Captioned web image data:
● ● ●

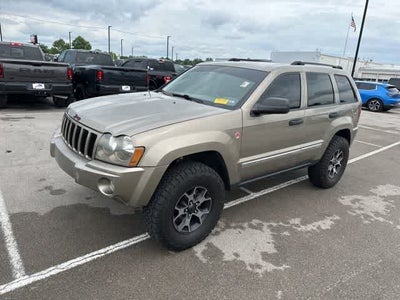 2005 Jeep Grand Cherokee Laredo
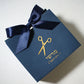 Hair cutting gift box with souvenirs, suitable for Jewish third birthdays, hair cutting gifts, and religious party supplies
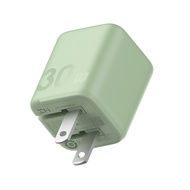 ZMI 紫米 HA719 GaN3 30W 氮化鎵 單孔充電器 (綠色)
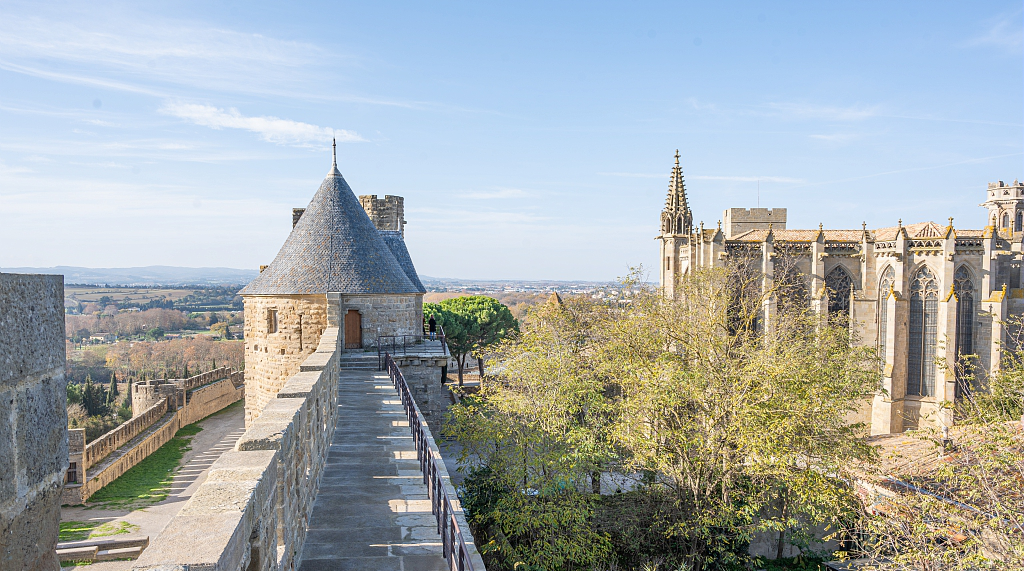 Cité de Carcassonne ©Guillaume Payen - CRTL Occitanie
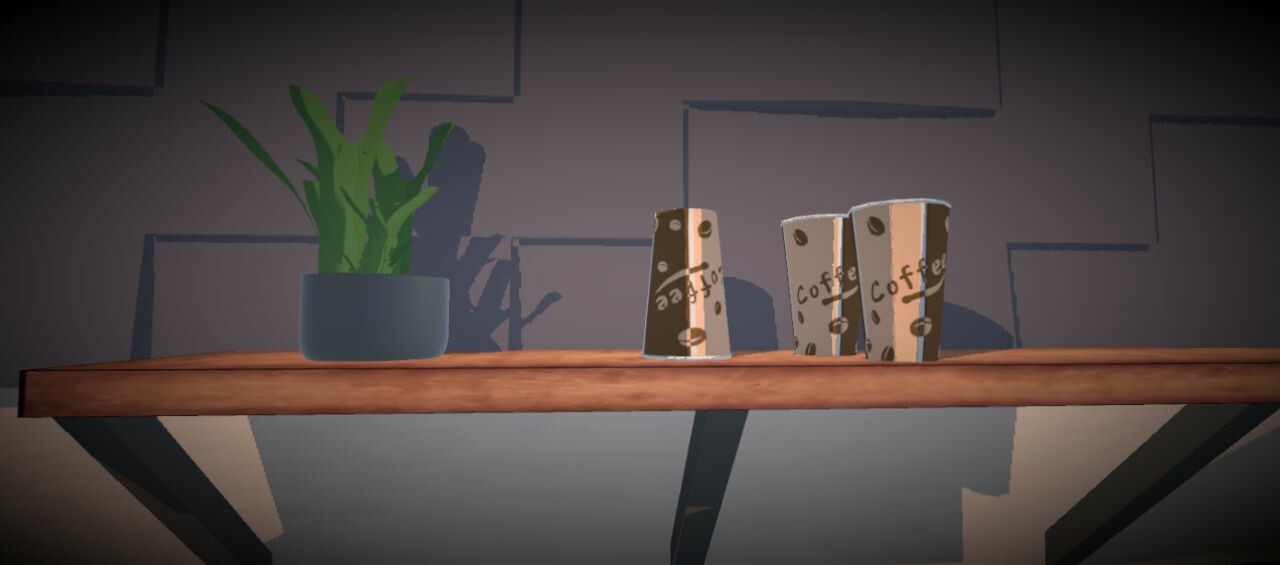 Fast Coffee Simulator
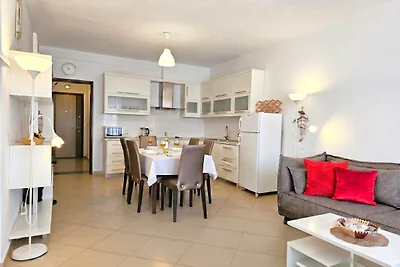 apartman za odmor Obiteljski odmor Sarande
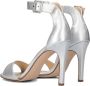 Paul Green 7582 Sandalen Dames Zilver - Thumbnail 2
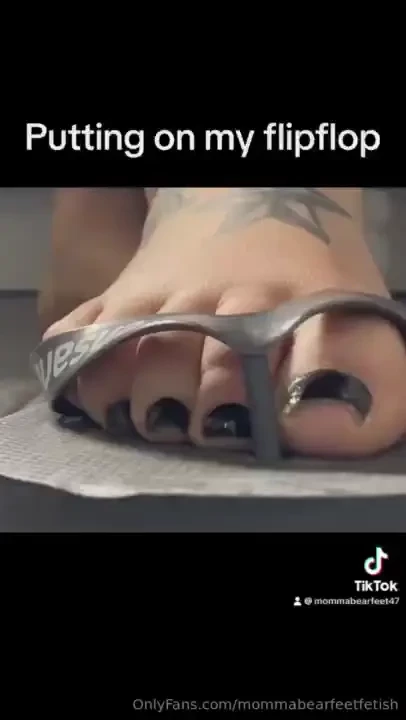 Mommabearfeetfetish part 17 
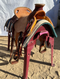 16" HR (Hud Roberts) Wade Mule Saddle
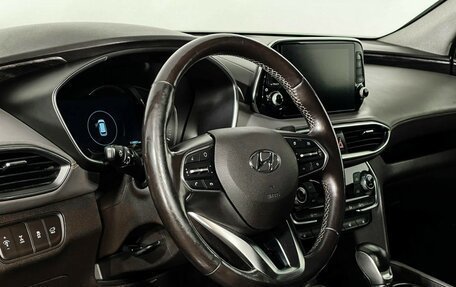 Hyundai Santa Fe IV, 2020 год, 3 150 000 рублей, 13 фотография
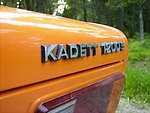 Opel Kadett 1200S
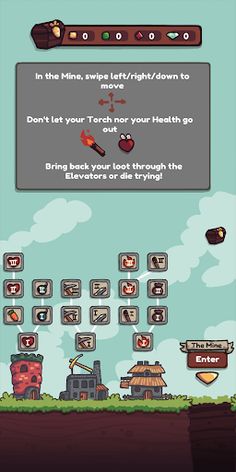 Miner bunny - Screenshot 1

● ● ●

EXERCISE REQUIREMENTS: Your answer must be an exact copy of the records, without the pictures.

ANSWER:
 2005 Jeep Grand Cherokee Laredo
 Hair cutting gift box with souvenirs, suitable for Jewish third birthdays, hair cutting gifts, and religious party supplies
 ZMI 紫米 HA719 GaN3 30W 氮化鎵 單孔充電器 (綠色)
 Cité de Carcassonne ©Guillaume Payen - CRTL Occitanie
 Fast Coffee Simulator
 apartman za odmor Obiteljski odmor Sarande
 Paul Green 7582 Sandalen Dames Zilver - Thumbnail 2
 Mommabearfeetfetish part 17 
 16" HR (Hud Roberts) Wade Mule Saddle
 Hyundai Santa Fe IV, 2020 год, 3 150 000 рублей, 13 фотография
 Opel Kadett 1200S
 Miner bunny - Screenshot 1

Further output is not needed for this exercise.